To the President
London, May 4, 1917.
DEAR MR. PRESIDENT:
... It is a remarkable commentary on the insularity of the British and on our studied isolation that till Mr. Balfour went over not a member of this Government had ever met a member of our Administration! Quite half our misunderstandings were due to this. If I had the making of the laws of the two governments, I’d have a statutory requirement that at least one visit a year by high official persons should be made either way. We should never have had a blacklist, etc., if that had been done. When I tried the quite humble task of getting Polk to come and the excuse was made that he couldn’t be spared from his desk—Mr. President, I fear we haven’t half enough responsible official persons in our Government.
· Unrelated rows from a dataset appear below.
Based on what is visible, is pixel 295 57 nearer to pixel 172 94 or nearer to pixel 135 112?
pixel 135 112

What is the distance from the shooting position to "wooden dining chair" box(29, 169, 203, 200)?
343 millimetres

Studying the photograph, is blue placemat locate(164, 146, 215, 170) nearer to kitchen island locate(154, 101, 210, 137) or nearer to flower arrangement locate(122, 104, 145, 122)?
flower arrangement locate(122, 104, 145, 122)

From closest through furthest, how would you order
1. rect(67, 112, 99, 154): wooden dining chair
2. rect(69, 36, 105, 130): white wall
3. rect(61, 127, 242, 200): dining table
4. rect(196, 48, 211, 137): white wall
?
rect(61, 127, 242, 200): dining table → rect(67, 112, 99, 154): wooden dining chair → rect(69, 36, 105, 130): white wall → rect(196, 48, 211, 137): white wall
I should say that no man even of Polk’s rank ought to have a desk: just as well give him a mill-stone. Even I try not to have a desk: else I’d never get anything of importance done; for I find that talks and conferences in my office and in the government offices and wherever else I can find out things take all my waking hours. The Foreign Office here has about five high position men to every one in the State Department. God sparing me, I’m going one of these days to prepare a paper for our Foreign Affairs Committee on the Waste of Having too Few High Grade Men in the Department of State; a Plea for Five Assistant Secretaries for Every One Now Existing and for Provision for International Visits by Them.
Here’s an ancient
and mouldy precedent that needs shattering—for
the coming of our country
into its proper station and influence in
the world.
I am sure that Mr. Balfour’s visit has turned out as well as I hoped, and my hopes were high. He is one of the most interesting men that I’ve ever had the honour to know intimately—he and Lord Grey. Mr. Balfour is a Tory, of course; and in general I don’t like Tories, yet liberal he surely is—a sort of high-toned Scotch democrat. I have studied him with increasing charm and interest. Not infrequently when I am in his office just before luncheon he says, “Come, walk over and we’ll have lunch with the family.” He’s a bachelor. One sister lives with him. Another (Lady Rayleigh, the wife of the great chemist and Chancellor of Cambridge University) frequently visits him. Either of those ladies could rule this Empire. Then there are nieces and cousins always about—people of rare cultivation, every one of ’em. One of those girls confirmed the story that “Uncle Arthur” one day concluded that the niblick was something more than a humble necessity of a bad golfer—that it had positive virtues of its own and had suffered centuries of neglect. He, therefore, proceeded to play with the niblick only, till he proved his case and showed that it is a club entitled to the highest respect.